Headlines: Nov. 1, 2022

· The Pulse
  • City council began budget deliberations on Oct. 31 with an overview of the capital budget and the results of the city's satisfaction survey. The operating budget is set for public release on Nov. 3 and the utility budget on Nov. 10; they will go before council on Nov. 14 and Nov. 25 respectively. Public hearings are set for Nov. 28 and 29, before council begins its budget debates on Dec. 1.
  • The city chose PCL Construction to complete part of the Yellowhead Trail Freeway Conversion from St. Albert Trail to 97 Street, which is the "most technically complex" part of the project. Changes will include removing major traffic signals, adding service roads, adding interchanges at 127 Street and 115 Street and straightening a curve between 121 Street and 107 Street to accommodate a future LRT bridge. Construction is scheduled to begin in 2023 and end in 2027.
  • The city announced the recipients of this year's Anti-racism Grants Program, which launched in 2021. A total of $210,000 will be awarded to 12 recipients, selected from a pool of 30 eligible applicants. "This funding is empowering groups to create transformational change, and I hope to see more of these community-driven projects in the future," said Mayor Amarjeet Sohi.
  • The city designated four buildings symbolic of "the early growth of Edmonton" and its connection to the river valley as Municipal Historic Resources. The Stone House and Summer Kitchen, which are on land leased by the Whitemud Equine Learning Centre Association, are stone buildings dating to around 1929, the Figg Residence is a house in Bonnie Doon built around 1914 and the Stein Residence is a house in Westmount built in 1912.

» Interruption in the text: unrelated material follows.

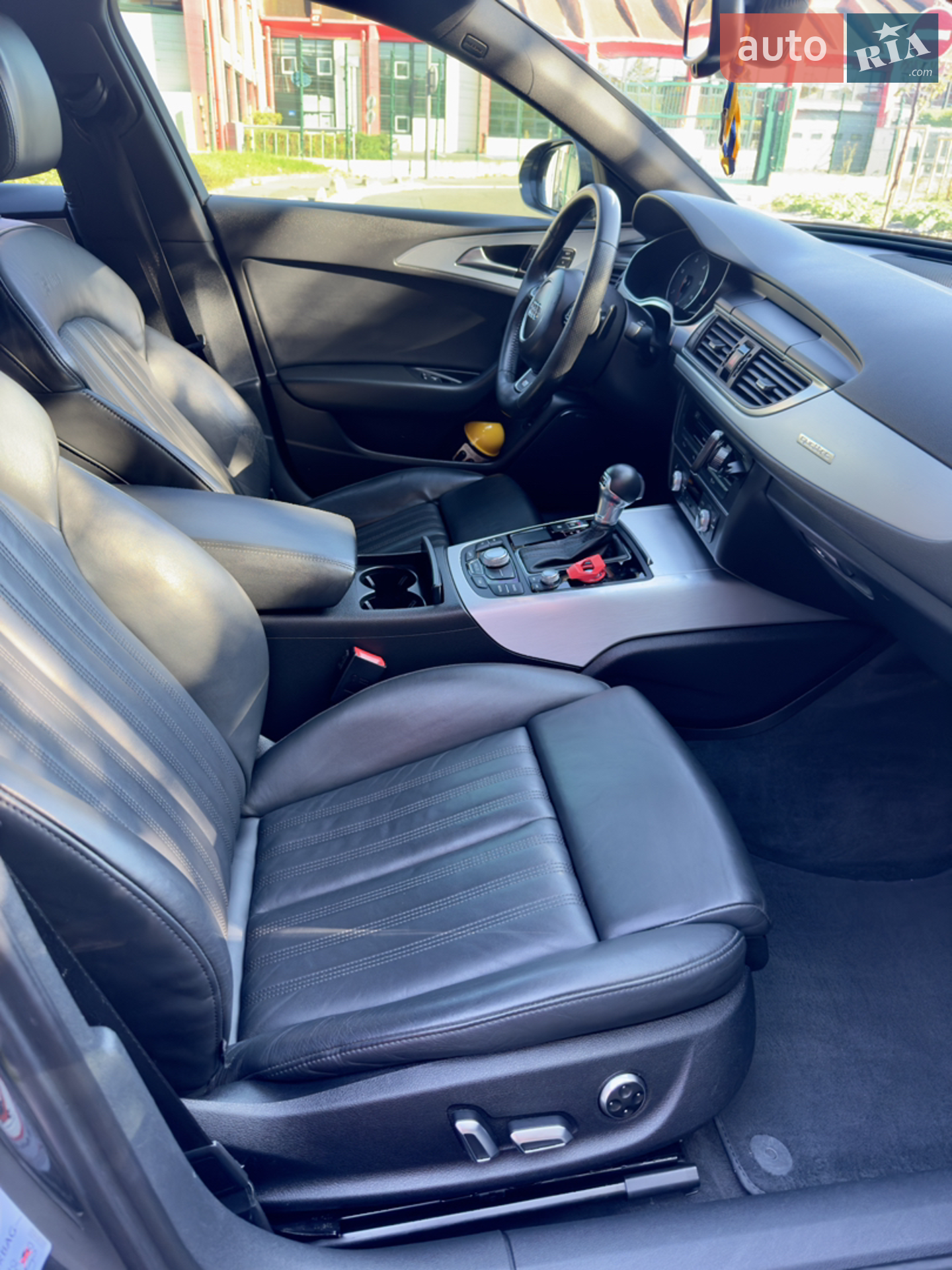 2011 Audi A6 - мініатюра 13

  • Duncan Kinney, the executive director of Progress Alberta, who was charged with mischief by the Edmonton Police Service on Oct. 14 in connection with the vandalism of a controversial statue outside a Ukrainian centre, released his first statement in response to the charges. Kinney said he intends to plead not guilty and said the arrest "appears to be an attempt by the EPS to silence and discredit a critic." He added that on the advice of his lawyer, he will not discuss any details of the case. In a statement, an EPS spokesperson said police took the extra step of consulting the Alberta Crown Prosecution Service before charging Kinney, who is due in provincial court on Nov. 10.
  • The board of directors for the Edmonton Metro Transit Services Commission, which represents eight municipalities in the Edmonton Metropolitan Region, reviewed a proposed operating budget for the integrated regional bus transit service slated to launch in 2023. The budget, based on 13 proposed routes plus an express service to the Edmonton International Airport, predicts a cost of $29 million to the municipalities and $4 million in revenues though fares and marketing. "With the input that each representative brought forward today from their community, we are now one meeting away from taking the commission from vision to reality," said chair Wes Brodhead.

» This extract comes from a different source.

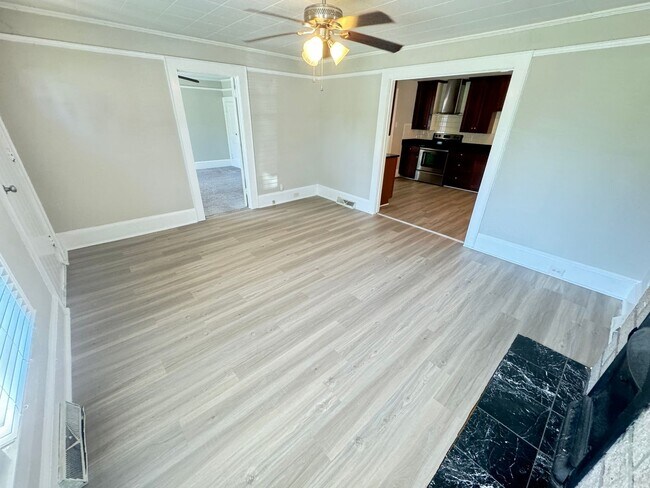 Building Photo - Newly REMODELED STONE HOUSE near downtown,...
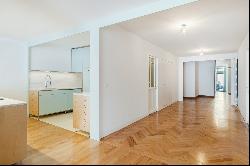 Flat, 2 bedrooms, for Sale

  • John Day and Rob Seidel, who co-chair MacEwan University's capital fundraising campaign, have a lot to say about the school's "next chapter", central to which are its plans to play a key role in downtown revitalization by constructing a new seven-storey building to consolidate its downtown campus and increasing enrolment 60% by 2030. "The enhanced campus will be a powerful magnet for people whose knowledge, talents, and creativity will help fuel revitalization where it is needed most," wrote Day and Seidel.